Short web captions
* * * * * * *

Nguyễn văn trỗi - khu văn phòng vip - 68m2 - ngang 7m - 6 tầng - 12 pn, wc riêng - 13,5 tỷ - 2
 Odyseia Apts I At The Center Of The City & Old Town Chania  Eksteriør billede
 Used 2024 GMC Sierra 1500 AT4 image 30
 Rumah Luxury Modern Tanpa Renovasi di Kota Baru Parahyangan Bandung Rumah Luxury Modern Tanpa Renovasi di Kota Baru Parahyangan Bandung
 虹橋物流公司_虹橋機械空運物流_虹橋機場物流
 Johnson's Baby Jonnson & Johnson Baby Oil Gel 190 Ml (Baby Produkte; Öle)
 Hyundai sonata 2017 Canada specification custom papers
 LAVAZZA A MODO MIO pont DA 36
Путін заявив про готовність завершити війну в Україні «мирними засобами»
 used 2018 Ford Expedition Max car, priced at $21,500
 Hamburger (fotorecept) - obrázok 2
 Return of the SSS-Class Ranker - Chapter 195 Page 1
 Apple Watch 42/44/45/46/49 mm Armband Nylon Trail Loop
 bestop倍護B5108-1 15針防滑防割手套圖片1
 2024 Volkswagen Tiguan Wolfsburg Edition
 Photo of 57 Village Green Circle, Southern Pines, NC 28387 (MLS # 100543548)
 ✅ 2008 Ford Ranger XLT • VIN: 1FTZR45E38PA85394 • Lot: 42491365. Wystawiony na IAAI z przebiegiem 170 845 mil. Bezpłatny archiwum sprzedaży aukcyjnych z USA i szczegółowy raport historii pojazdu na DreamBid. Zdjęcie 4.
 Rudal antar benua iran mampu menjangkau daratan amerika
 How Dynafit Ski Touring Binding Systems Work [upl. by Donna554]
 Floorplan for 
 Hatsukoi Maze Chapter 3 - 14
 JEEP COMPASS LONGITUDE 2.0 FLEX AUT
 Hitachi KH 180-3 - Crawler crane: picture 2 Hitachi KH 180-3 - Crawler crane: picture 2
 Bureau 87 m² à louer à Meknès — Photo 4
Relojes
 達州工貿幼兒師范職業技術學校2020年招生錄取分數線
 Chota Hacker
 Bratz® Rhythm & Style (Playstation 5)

* * * * * * *

TASK PROMPT
Return precisely the lines of the records, starting with the line that holds "JEEP COMPASS LONGITUDE 2.0 FLEX AUT" and ending with the last one.

SOLUTION
 JEEP COMPASS LONGITUDE 2.0 FLEX AUT
 Hitachi KH 180-3 - Crawler crane: picture 2 Hitachi KH 180-3 - Crawler crane: picture 2
 Bureau 87 m² à louer à Meknès — Photo 4
Relojes
 達州工貿幼兒師范職業技術學校2020年招生錄取分數線
 Chota Hacker
 Bratz® Rhythm & Style (Playstation 5)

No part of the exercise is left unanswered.